Must reserve the lib module when load the compiled TVM library on Nano GPU

Hi, I just found a very strange bug when loading the compiled TVM library file. Here’s the demo code:

import sys

import numpy as np
import onnx
import tvm
import tvm.relay as relay
from tvm.contrib.download import download_testdata
from tvm.contrib.graph_runtime import GraphModule


def save_and_load(lib, device):
    lib.export_library('./tmp.so')
    lib = tvm.runtime.load_module('./tmp.so')
    ctx = tvm.gpu() if device == 'gpu' else tvm.cpu()
    gmod = GraphModule(lib['default'](ctx))
    # return lib, ctx, gmod    # explicitly returning the lib module could work
    return None, ctx, gmod  # not working on cuda


if __name__ == '__main__':
    device = sys.argv[1]
    assert device in ['gpu', 'cpu']

    model_url = "".join(
        [
            "https://github.com/onnx/models/raw/",
            "master/vision/classification/mobilenet/model/",
            "mobilenetv2-7.onnx",
        ]
    )
    # https://github.com/onnx/models/blob/master/vision/classification/mobilenet/model/mobilenetv2-7.onnx
    model_path = download_testdata(model_url, "mobilenetv2-7.onnx", module="onnx")
    onnx_model = onnx.load(model_path)
    if device == 'gpu':
        target = 'cuda'
    else:
        target = 'llvm'
    input_name = "input"
    shape_dict = {input_name: [1, 3, 224, 224]}
    relay_module, params = tvm.relay.frontend.from_onnx(onnx_model, shape=shape_dict)
    with tvm.transform.PassContext(opt_level=4):
        lib = tvm.relay.build(relay_module, target, params=params)
    lib, ctx, gmod = save_and_load(lib, device)
    x = tvm.nd.array(np.ones([1, 3, 224, 224], dtype=np.float32), ctx=ctx)
    gmod.set_input(input_name, x)
    gmod.run()

I found that when the returned value of save_and_load is lib, ctx, gmod, this script running on both GPU and CPU could work well.
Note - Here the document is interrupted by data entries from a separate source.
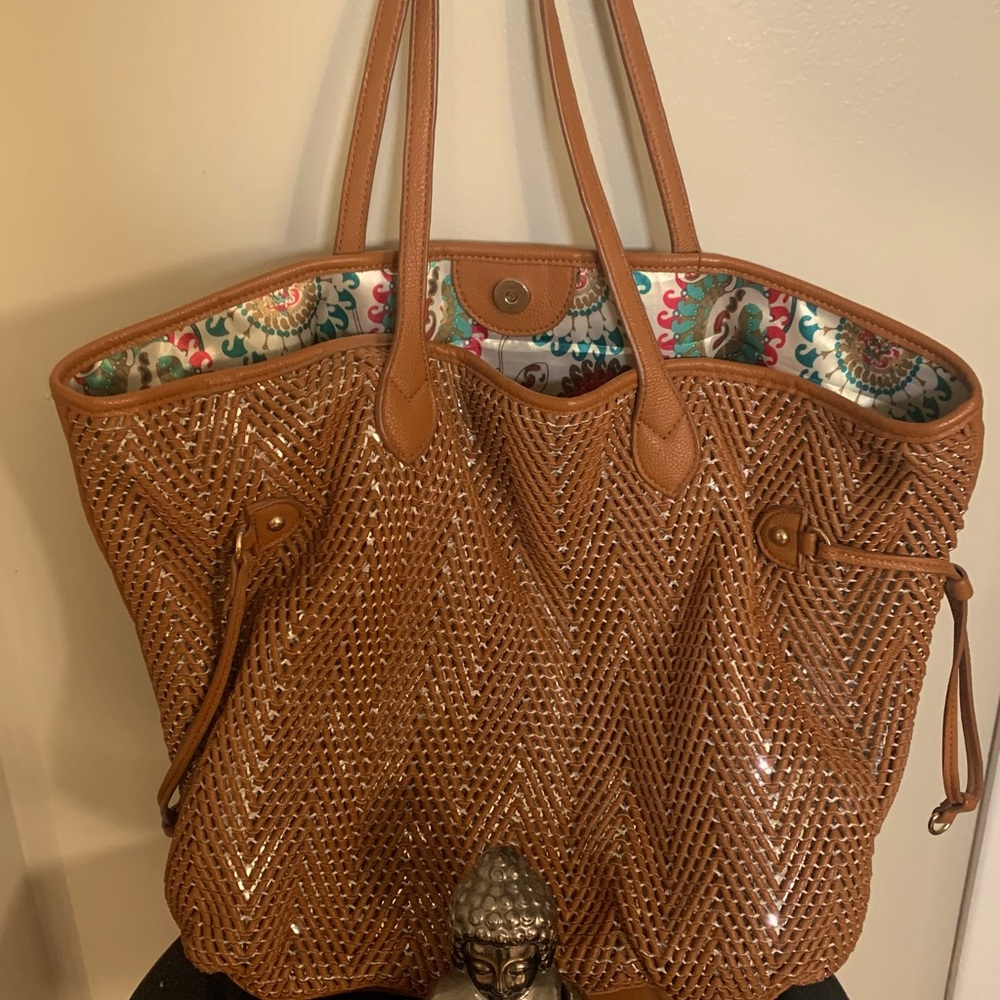 tan tote shoulder bag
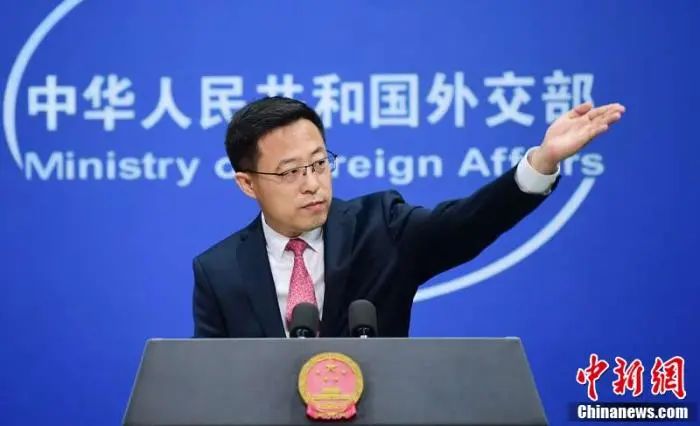 舟山持刀伤人案嫌犯已坠楼死亡丨迎战台风，沈阳停课一天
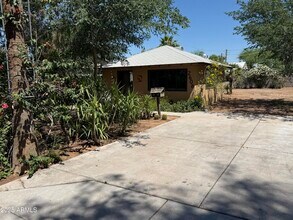 2608 E Pinchot Ave in Phoenix, AZ - Building Photo - Building Photo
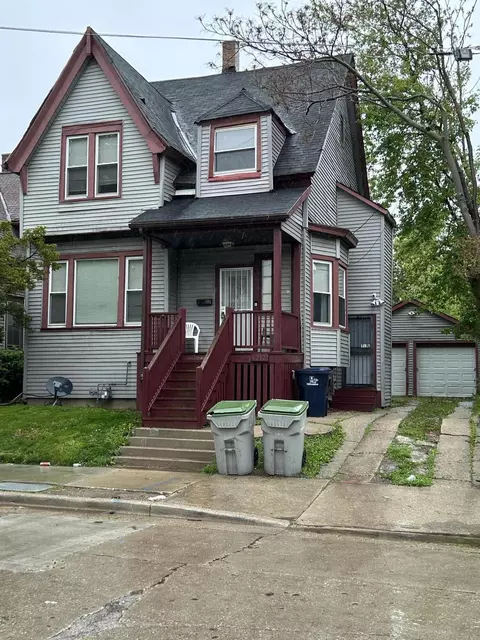 1212 W Chambers, Milwaukee, WI 53206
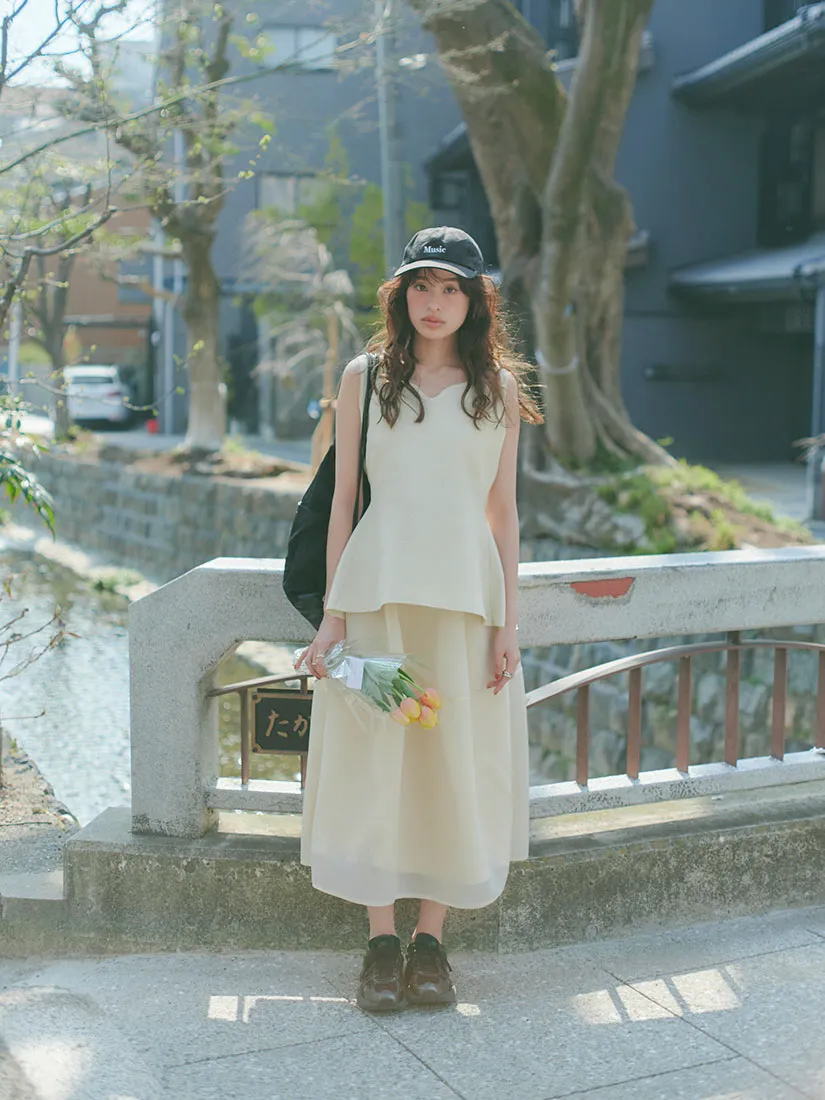 トレンドアイテムを着た女性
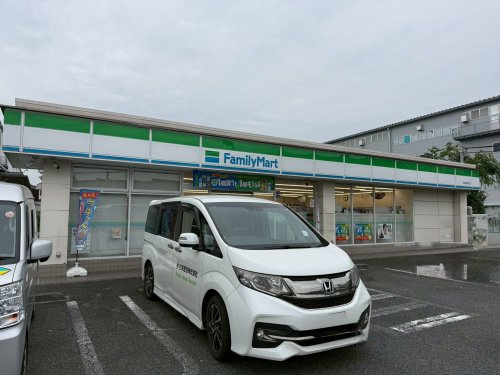 【コンビニエンスストア】ファミリーマート　昭島美堀町店まで502ｍ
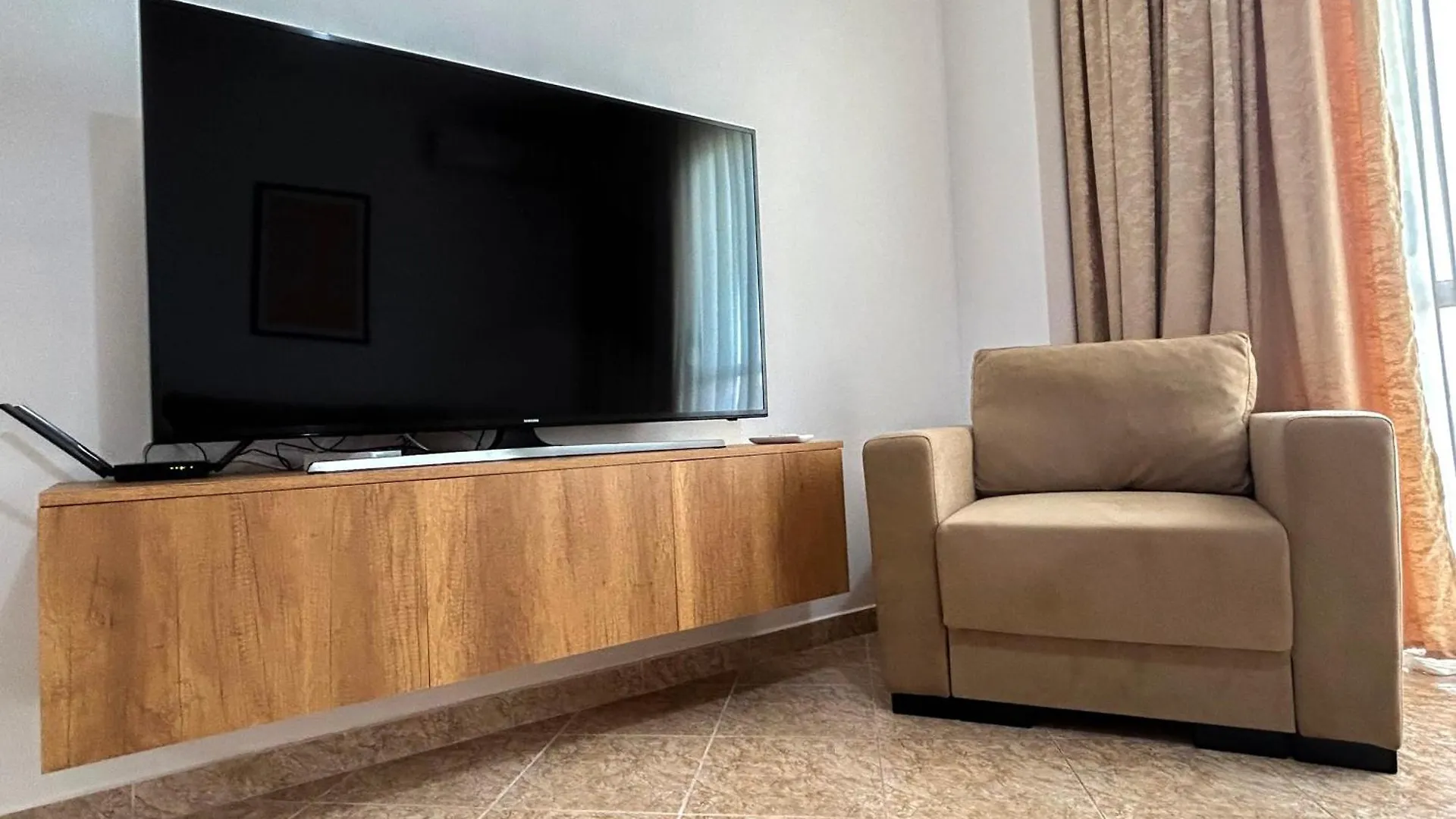 Sea View Apartment 860 Durres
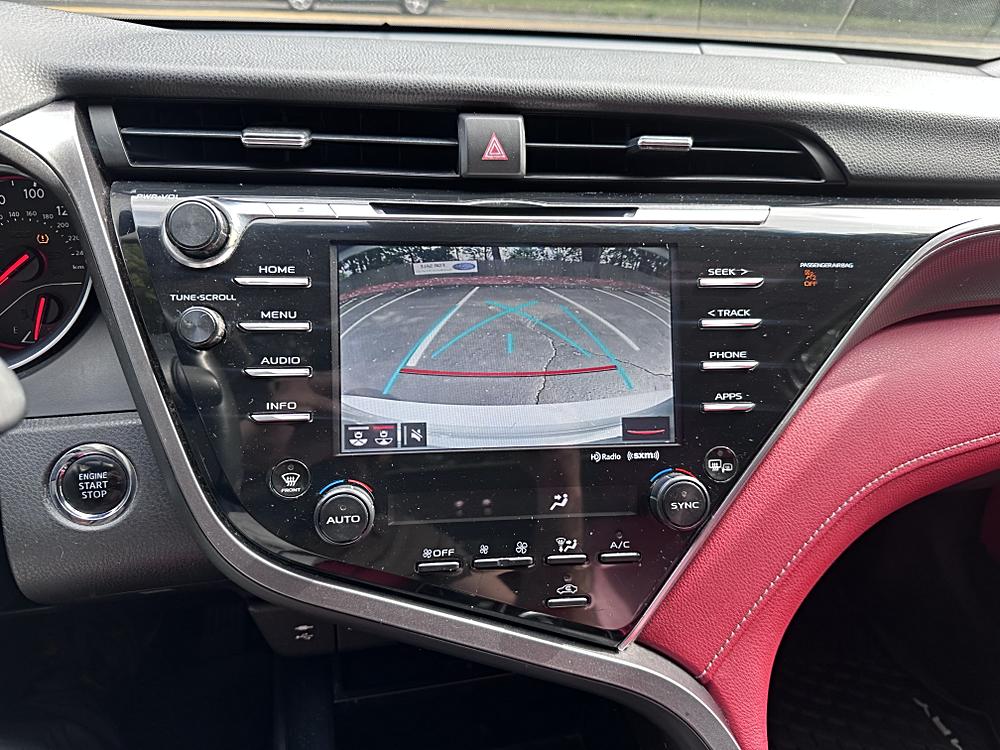 2018 Toyota Camry XSE - Photo 23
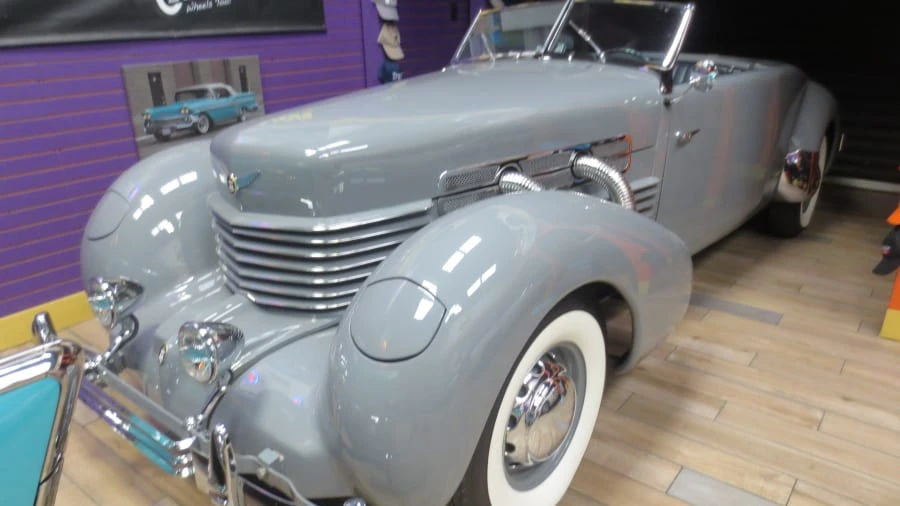 1937 Cord 810 & 812 - Image 7 of 7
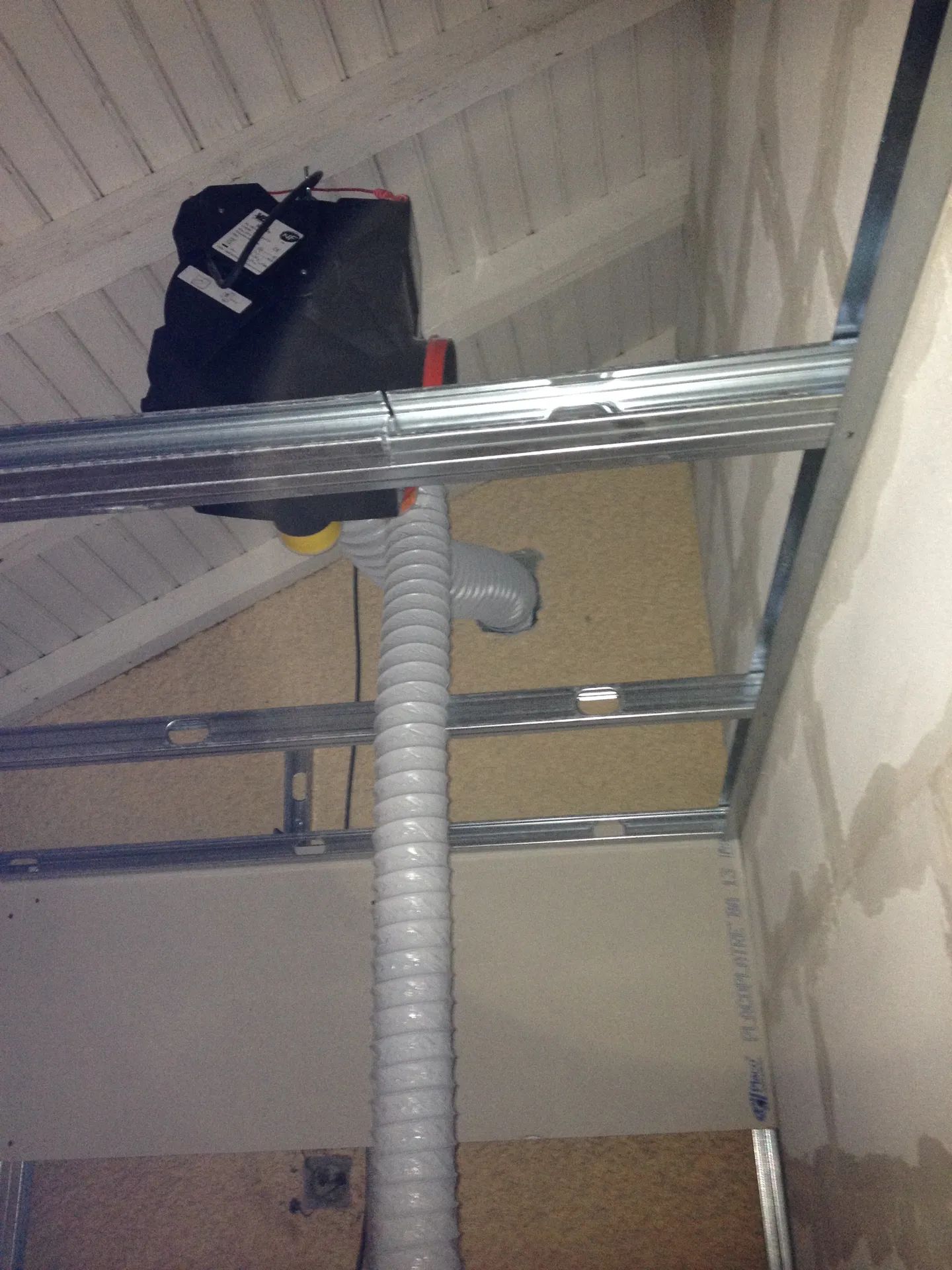 Installation d’une VMC simple flux à Beaujeu pour améliorer la qualité de l’air et réduire l’humidité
However, when the returned value of save_and_load is None, ctx, gmod, which means I do not return the lib module, which is not further used in my script, it has a strange segmentation fault when running on GPU:

[1]    10796 segmentation fault (core dumped)  python3 reproduce_tvm.py gpu

This means the lib module must be reserved when the target device is cuda. When the targe is llvm, it still works well. I wonder if this is a bug of TVM?

I think gmod uses the the resources of lib. So if you do not explicitly return it, the resources of lib will be released. Maybe we need to add a reference to the lib in gmod so that lib will not be released in advance.

This should have been fixed in the latest main

OK, thank you very much!